As for the future, Roger Langridge is writing an all-ages book for Marvel. He described it as what he does in the morning, "before I start working on the Muppets. I got really lucky with the artist, because he's absolutely fabulous, I really like him. It's like using a different set of writing muscles than I do on the Muppets. I feel like I'm learning something."
An audience member had an interesting - if not in the spirit of Kids Day - question, as to whether Langridge has ever been tempted to let of steam by doing a Tijuana Bible version of Miss Piggy, which elicited much laughter. Langridge explained that "If I want to do something that I can't put into the Muppet show, I have other work I can put that into. But just doing that, it's not really my bag."
One audience member paid Roger a compliment, stating that "What Floyd Gottferson is to "Mickey Mouse," what Carl Barks is to "Donald Duck," you are to the Muppets" and then wondered "Do you ever write over an eight year old's head?" Langridge explained "I'm aware that I'm talking to two audiences, and I try to keep them both in my head as much as I can." Mark Waid added "The Muppets has always been something that worked on two levels. Roger clearly has a firm handle on it."
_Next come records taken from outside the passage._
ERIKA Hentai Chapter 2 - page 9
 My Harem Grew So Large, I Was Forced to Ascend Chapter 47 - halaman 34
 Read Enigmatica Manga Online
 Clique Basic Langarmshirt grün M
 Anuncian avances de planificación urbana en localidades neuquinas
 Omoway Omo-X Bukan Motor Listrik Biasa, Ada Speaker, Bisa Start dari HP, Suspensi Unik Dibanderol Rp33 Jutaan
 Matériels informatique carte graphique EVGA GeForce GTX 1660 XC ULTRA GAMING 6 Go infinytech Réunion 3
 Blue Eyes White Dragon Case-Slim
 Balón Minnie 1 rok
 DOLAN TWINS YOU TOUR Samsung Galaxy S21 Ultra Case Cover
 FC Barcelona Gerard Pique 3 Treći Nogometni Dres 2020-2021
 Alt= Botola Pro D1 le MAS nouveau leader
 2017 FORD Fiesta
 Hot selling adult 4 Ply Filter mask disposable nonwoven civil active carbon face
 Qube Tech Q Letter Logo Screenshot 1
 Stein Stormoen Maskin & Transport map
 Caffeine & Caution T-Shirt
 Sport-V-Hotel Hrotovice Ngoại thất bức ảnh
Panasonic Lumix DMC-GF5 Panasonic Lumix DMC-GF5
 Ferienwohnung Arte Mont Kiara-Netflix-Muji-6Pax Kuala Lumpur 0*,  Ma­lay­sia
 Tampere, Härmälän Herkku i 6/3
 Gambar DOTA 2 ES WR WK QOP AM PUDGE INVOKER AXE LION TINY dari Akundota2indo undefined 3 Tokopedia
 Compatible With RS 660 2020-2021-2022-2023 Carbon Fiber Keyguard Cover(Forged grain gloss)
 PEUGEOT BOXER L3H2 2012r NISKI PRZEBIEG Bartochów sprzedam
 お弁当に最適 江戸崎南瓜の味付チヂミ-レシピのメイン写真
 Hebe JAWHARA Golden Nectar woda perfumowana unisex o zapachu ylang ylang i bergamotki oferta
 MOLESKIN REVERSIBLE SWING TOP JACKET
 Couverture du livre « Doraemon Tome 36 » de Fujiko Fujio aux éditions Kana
Up next for Langridge's "The Muppet Show" will be a series of monster-themed issues, including a mummy story, a vampire and a Frankenstein issue. After that will be a series of seasonally themed issues, but these are very much still in the pre-writing phase, so readers will have to wait and see how much this idea changes from initial inception to final production.
Roger closed the panel with a heartfelt message for his "Muppet Show" readers "I want to thank everyone for buying the book and taking it to heart."